A Los Angeles Superior Court commissioner ruled this week that Inglewood school board member Caroline Coleman must stand trial on a charge of embezzling more than $1,200 in district funds.
At a pretrial conference Tuesday, Commissioner Sam Bubrick set Coleman's trial for Sept. 19 after denying a request by her attorney, Johnnie Cochran, that the felony charge be dropped on grounds of insufficient evidence.
While acknowledging that the case "has obvious political overtones," Bubrick ruled that "there is enough evidence against the defendant" to let the case go to trial.
Coleman, 48, is accused of taking more than $1,200 in district funds to attend an education conference in New Orleans in November, 1983, and then failing to attend the conference. Prosecutors claim that Coleman filed phony expense vouchers for more than $1,500, including false plane-ticket receipts and a photocopy of an uncashed check for registration fees she claimed to have paid.

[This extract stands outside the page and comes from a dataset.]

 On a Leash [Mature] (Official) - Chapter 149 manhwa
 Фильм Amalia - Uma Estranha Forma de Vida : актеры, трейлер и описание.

Upon receiving the expense claims, then-school board President William (Tony) Draper asked the Los Angeles district attorney's office to investigate Coleman, who is part of a faction on the school board that often has tangled with Draper.
Coleman, who has pleaded innocent, said Tuesday she is eager to get the matter resolved. A three-term board member, she has been suspended without pay from her job as a county probation officer. If convicted, she faces up to three years in prison, loss of the county job and removal from office.